Foreign companies with customers in South Africa often engage a local service provider to manage the customer relationship and provide support services. The foreign company is usually careful to navigate the employment, corporate and tax risks associated with the engagement and the contract with the local service provider will typically assign any intellectual property created or developed by the service provider to the foreign company. Sounds simple, right? Well, not if the assignment cannot be implemented in practice.

The Currency and Exchanges Act ("the Act") governs the export of capital outside of South Africa. In particular, the regulations to the Act prohibit any person from entering into a transaction whereby capital (or any right to capital) is exported from South Africa, unless permission is obtained from the authorities.

Regulation 10 of the Act expressly defines "capital" as including any intellectual property right, and "export" as including the assignment or transfer of any intellectual property right in favour of a person who is not resident in South Africa. In other words, if intellectual property is created or developed in South Africa and vests in a South African resident, approval must be obtained from the authorities before the intellectual property rights can be assigned to the foreign company.
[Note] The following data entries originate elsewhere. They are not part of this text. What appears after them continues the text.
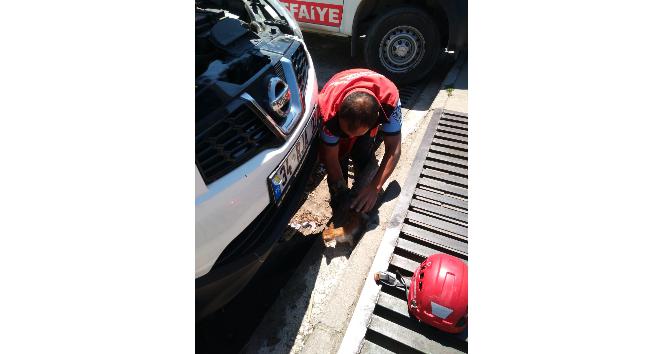 Otomobilin motor bölümüne giren kedi yavrusunu itfaiye kurtardı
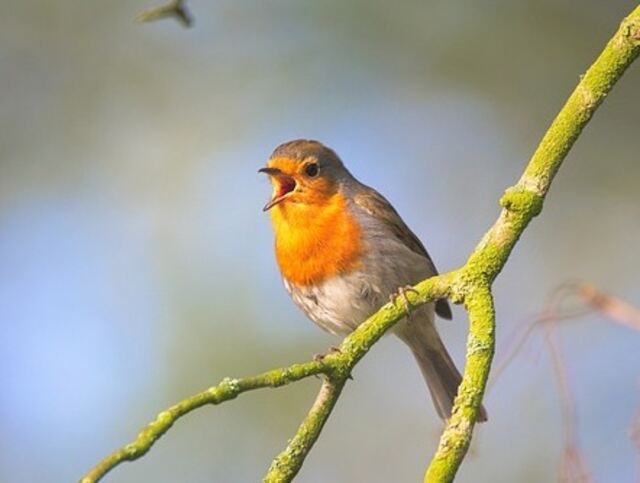 A European Robin perched on a tree branch.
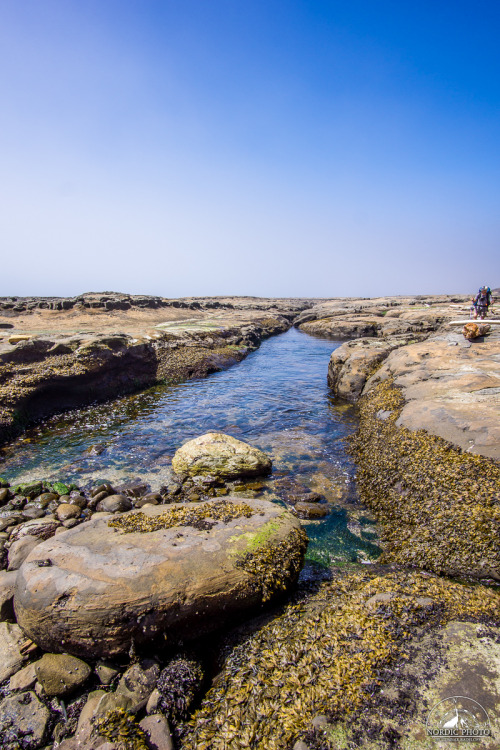 7.7.2014 - day 5 on the West Coast Trail - 1#BC #Canada #VancouverIsland #WestCoastTrail #NordicPhot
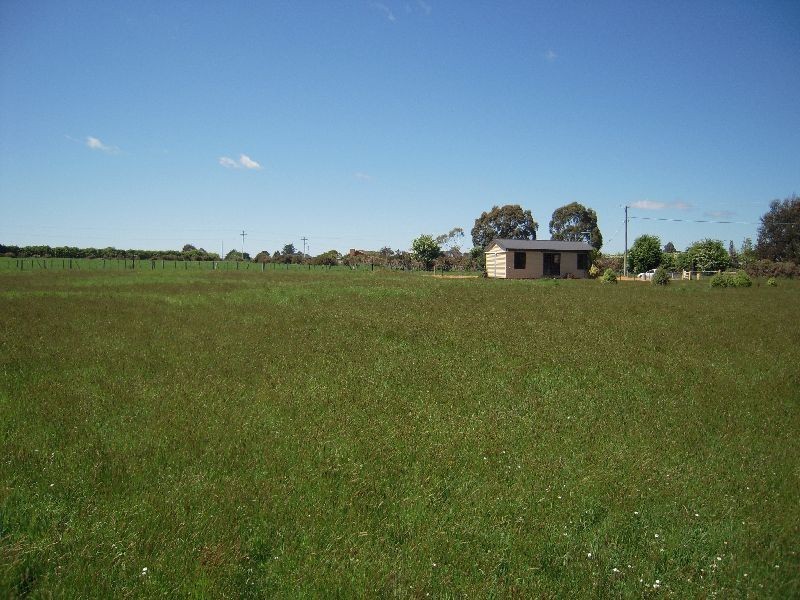 87 Dexter Street, Westbury TAS 7303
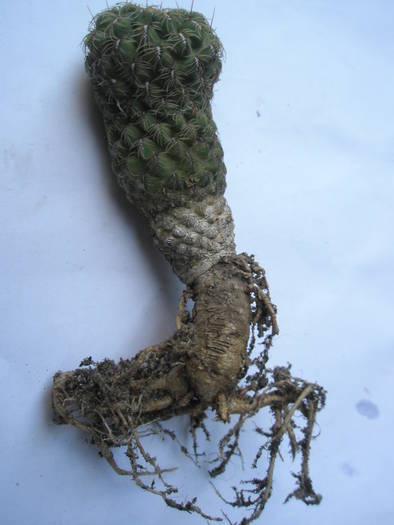 P4110205 - RADACINI de cactus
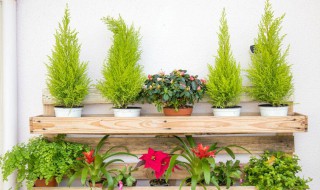 绯花玉怎么养才开花?（绯玉花开花前怎么养护）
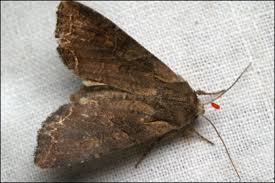 Attēlu rezultāti vaicājumam “Lacanobia suasa”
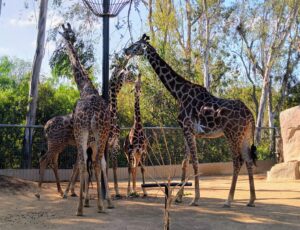 San Diego Zoo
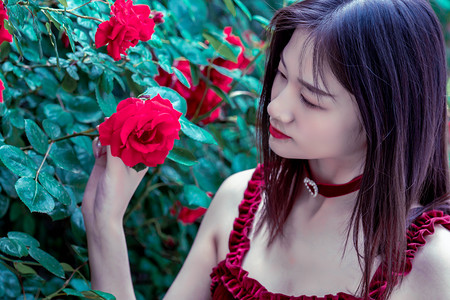 焦点访谈丨良田+良种+良机+良法 来看各地保丰收秘籍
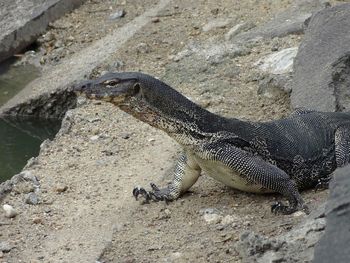 Close-up of lizard on rock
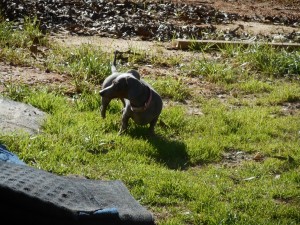 Jenny, a Short Haired Blue and Tan Female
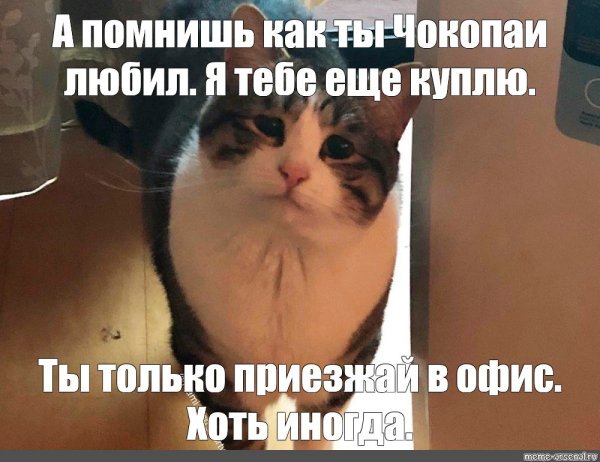 Жирные вздохи сожаления Мем кот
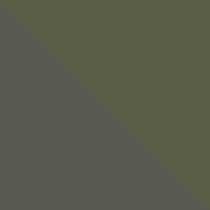 Carbon Lemon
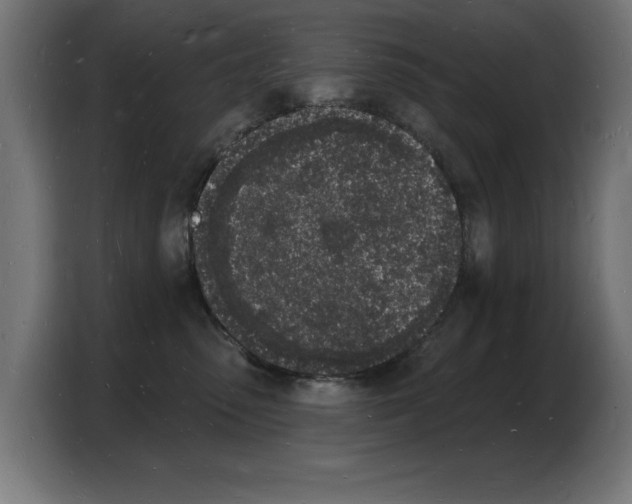 X0000103970475200810311528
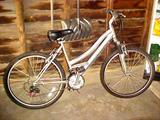 great condition Schwinn bike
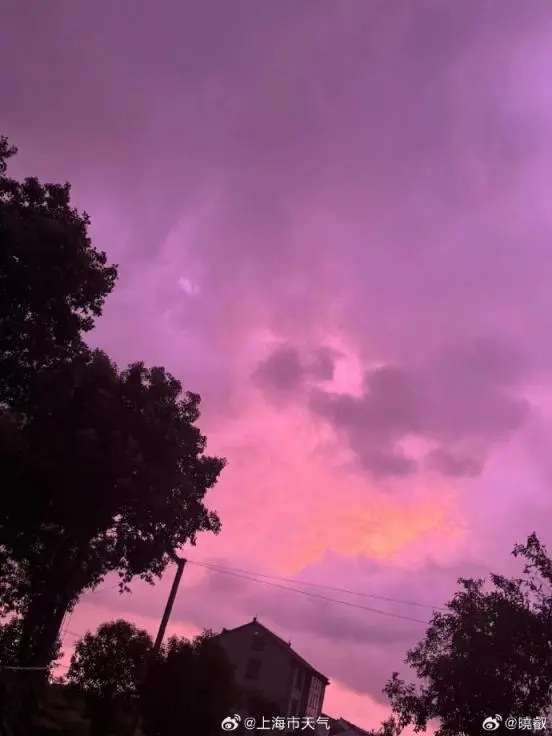 不少网友晒出台风“贝碧嘉”到来前的紫色天空 不少网友晒出台风“贝碧嘉”到来前的紫色天空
In practice, approval is difficult to obtain. Whilst the Exchange Control Rulings provide a carve out for unlisted technology, media, telecommunications, exploration and other research and development companies, the conditions relating to the carve out are burdensome and impractical. This is especially true for foreign companies with a limited customer base in South Africa. In addition, failure to comply with the Regulations may result in severe penalties - imprisonment of up to five years and/or a hefty fine of up to ZAR 250,000.

What to do?

Foreign companies who are eager to do business in South Africa but alive to inadvertent technical difficulties that could arise, may seek ways from benefitting from intellectual property created or developed in South Africa, without triggering the rules relating to the "export" of "capital". Whilst users are awaiting a view from the courts, options may include the following:

  • Agree that there is an automatic and initial vesting of the intellectual property in the foreign company. In this way, the intellectual property does not vest first in the service provider and then transfer over to the foreign company - it vests in the foreign company from its creation.
  • Where the foreign company incorporates a subsidiary or registers a branch (external company) in South Africa, use the standard assignment language to vest the intellectual property in the subsidiary/branch. The subsidiary/branch can then grant a licence to the foreign company to use the intellectual property.

Conclusion

Businesses seeking to invest in South Africa need not be deterred from doing so merely because of regulatory concerns. Whilst there is room for removing some red tape that stifles investment into our jurisdiction, proper interpretation of legal obligations could result in less burdensome responsibilities than may appear to be the case at first blush.